- WORK ITEM
Return all of the data exactly, omitting any images.

*** RECORDED DATA Section Begins ***

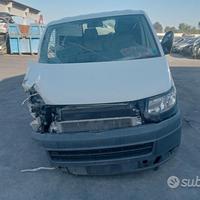 Volkswagen Transporter t5 4motion 2.0tdCAA ricambi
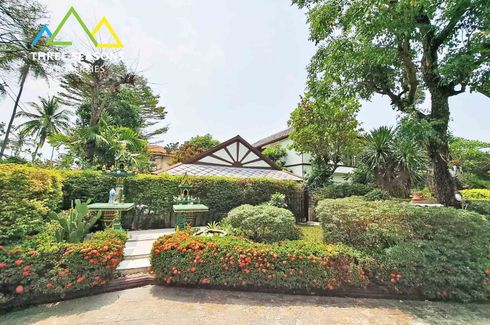 4 Bedroom Villa for sale in Bo Phut, Surat Thani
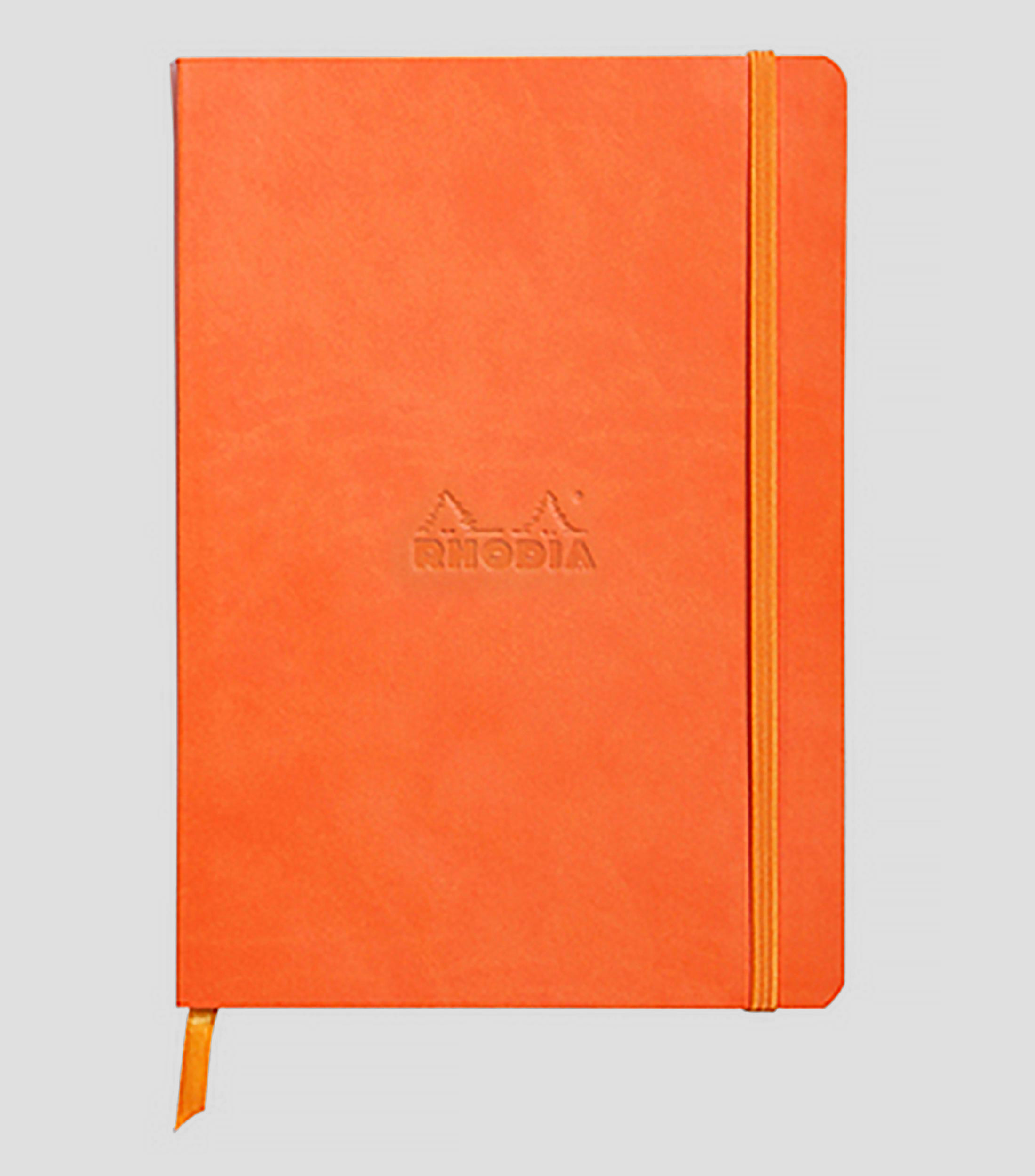 Libreta A5 Pasta blanda 80 hojas
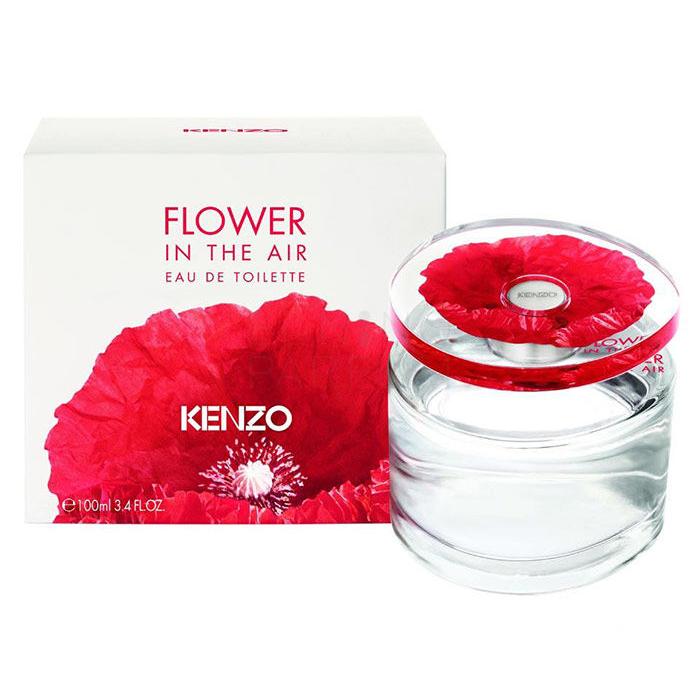 KENZO Flower In The Air Woda toaletowa dla kobiet 50 ml tester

*** RECORDED DATA Section Ends ***

- ANSWER BOX
 Volkswagen Transporter t5 4motion 2.0tdCAA ricambi
 4 Bedroom Villa for sale in Bo Phut, Surat Thani
 Libreta A5 Pasta blanda 80 hojas
 KENZO Flower In The Air Woda toaletowa dla kobiet 50 ml tester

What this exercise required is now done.